» **Data for this task**
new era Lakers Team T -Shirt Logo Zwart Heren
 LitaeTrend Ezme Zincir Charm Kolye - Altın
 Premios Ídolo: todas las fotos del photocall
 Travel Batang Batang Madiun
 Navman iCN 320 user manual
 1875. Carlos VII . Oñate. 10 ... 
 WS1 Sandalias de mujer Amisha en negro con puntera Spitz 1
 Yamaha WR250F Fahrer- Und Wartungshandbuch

» **Task prompt**
Your answer should be the lines from the one containing "Travel Batang Batang Madiun" to the end of the entries above, restated exactly and alone.

» **Written response**
 Travel Batang Batang Madiun
 Navman iCN 320 user manual
 1875. Carlos VII . Oñate. 10 ... 
 WS1 Sandalias de mujer Amisha en negro con puntera Spitz 1
 Yamaha WR250F Fahrer- Und Wartungshandbuch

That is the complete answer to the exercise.